- Interactive map of Bonsoirée

Restaurant information
- Established: September 2006
- Closed: October 2012
- Previous owner: Shin Thompson
- Chef: Shin Thompson Beverly Kim and Johnny Clark (2012)
- Food type: French and Japanese-influenced contemporary cuisine
- Rating: (Michelin Guide, 2011–2012)
- Location: 2728 West Armitage Avenue, Chicago, Illinois, 60647, United States
- Coordinates: 41°55′3.5″N 87°41′45.5″W﻿ / ﻿41.917639°N 87.695972°W

= Bonsoirée =

Defunct restaurant in Chicago, Illinois, U.S.

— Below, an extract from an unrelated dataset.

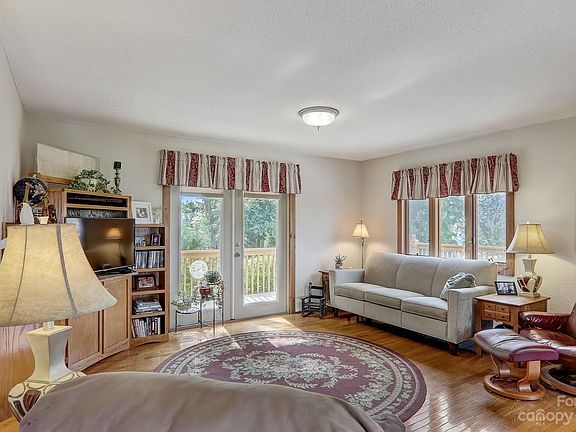 4th image of 677 Canyon Fox Dr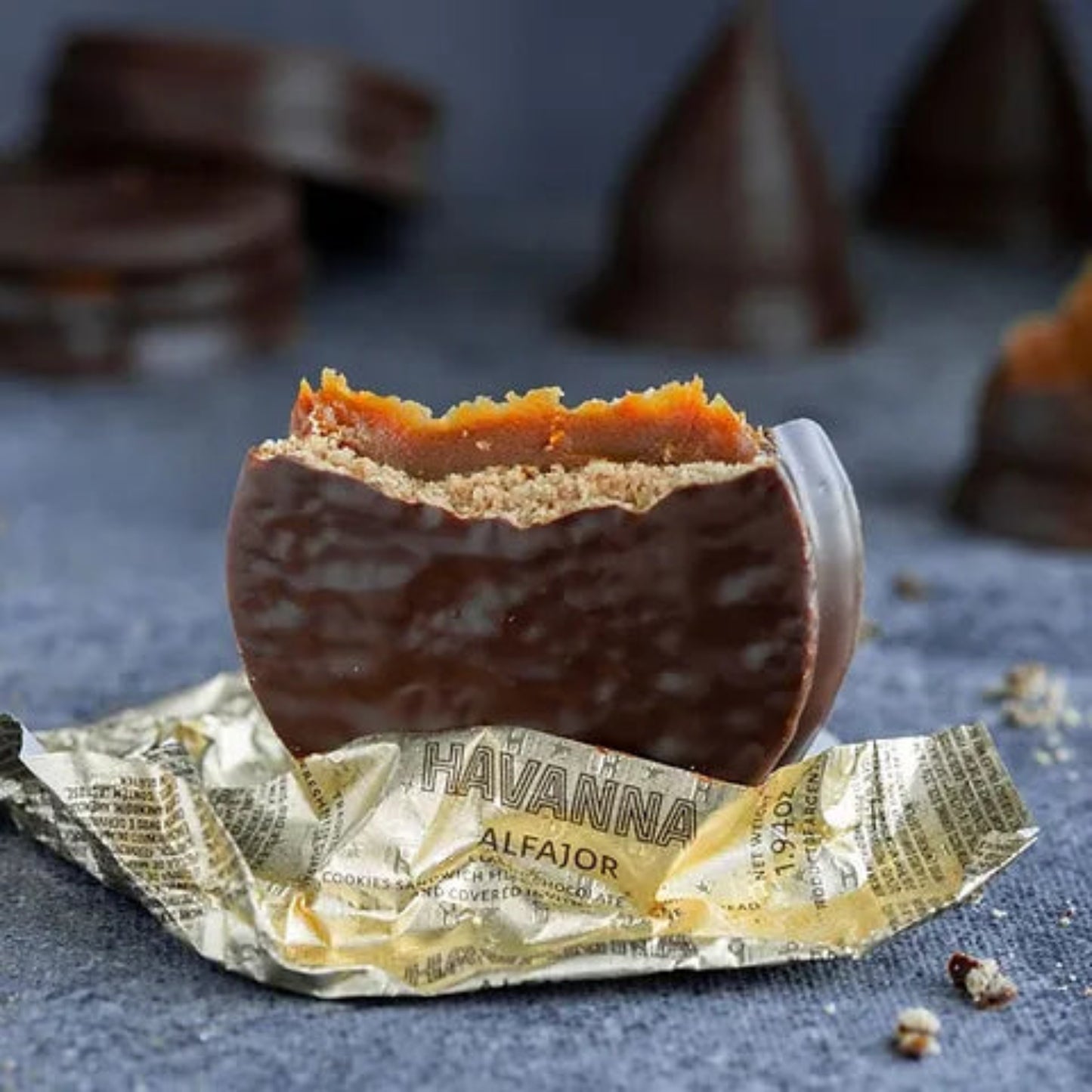 Havanna Chocolate Alfajores with Dulce de Leche | 6 Pack Argentine Cookies | 330 g / 11.6 oz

Bonsoirée was a fine dining restaurant in the Logan Square neighborhood of Chicago, Illinois. Chef and owner Shin Thompson opened it in September 2006 as a small gourmet-to-go café, then developed it into a BYOB restaurant centered on seasonal tasting menus and French cuisine with Japanese influences. Bonsoirée received one Michelin star in the guide's inaugural 2011 Chicago edition and retained it for 2012. It closed in October 2012.

==History==
Thompson opened Bonsoirée Café and Delicacies with business partner Kurt Chenier in September 2006. The 26-seat operation initially sold sandwiches and prepared food and ran a catering business; dinner service began as a side project in the storefront and expanded as demand increased. The restaurant also held reservation-only Saturday "Underground" dinners, a format that grew from meals Thompson and his colleagues had prepared for friends and family.

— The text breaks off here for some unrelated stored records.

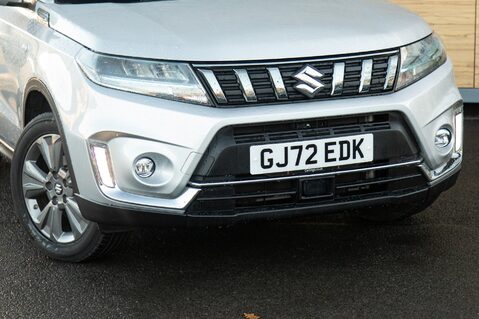 Suzuki Vitara SZ-T MHEV 10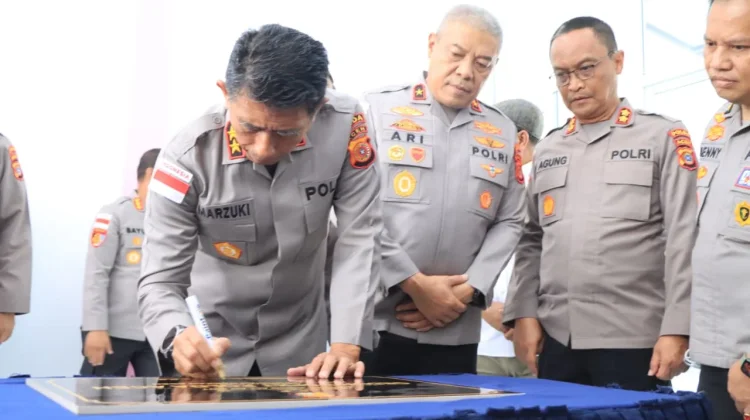 Klinik Pratama Bhayangkari, Gedung Bidang Propam, dan SPKT Polda Aceh Diresmikan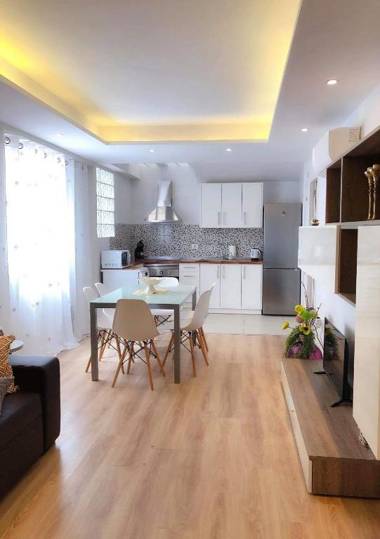 Beautiful 3 Bed Apartment in Los Cristianos Cactus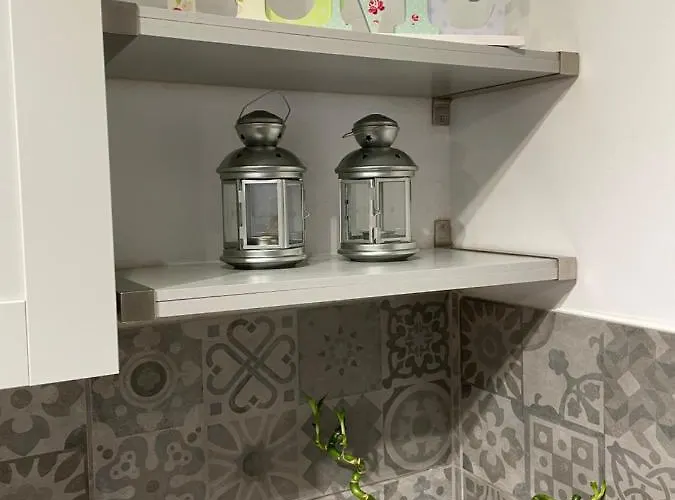 Lägenhet Lovely 1-bd With Patio In Center *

By 2008, Bonsoirée was operating as a French BYOB restaurant with frequently changing five- and seven-course tasting menus. Thompson's cooking combined French techniques with Japanese presentation and ingredients. In October 2010, he and Bonsoirée chef Luke Creagan prepared a five-course dinner at the James Beard Foundation's James Beard House, Thompson's second appearance there.

Michelin included Bonsoirée among the 18 restaurants awarded one star in the inaugural 2011 Chicago guide. That year, it completed an enclosed patio with a retractable roof that was intended to add approximately 20 seats to the 28-seat dining room. The restaurant was then serving eight- and thirteen-course menus and offered nonalcoholic beverage pairings while remaining BYOB.

In July 2012, Thompson announced that he would step away from day-to-day operations while remaining majority owner. Chefs Beverly Kim and her husband, Johnny Clark, joined the restaurant to take over its kitchen. After a two-week closure for remodeling, Bonsoirée reopened on August 24 with a 12-course menu emphasizing Korean and contemporary preparations, a prepaid reservation system, and a beverage program that replaced its BYOB policy.

Kim and Clark mutually agreed to leave the partnership in early October. The restaurant announced that it would stop service on October 13 for a possible reconcept, but the closure became permanent. Table, Donkey and Stick subsequently opened in the space. In 2013, Thompson revived the Bonsoirée name for occasional private dinners in customers' homes.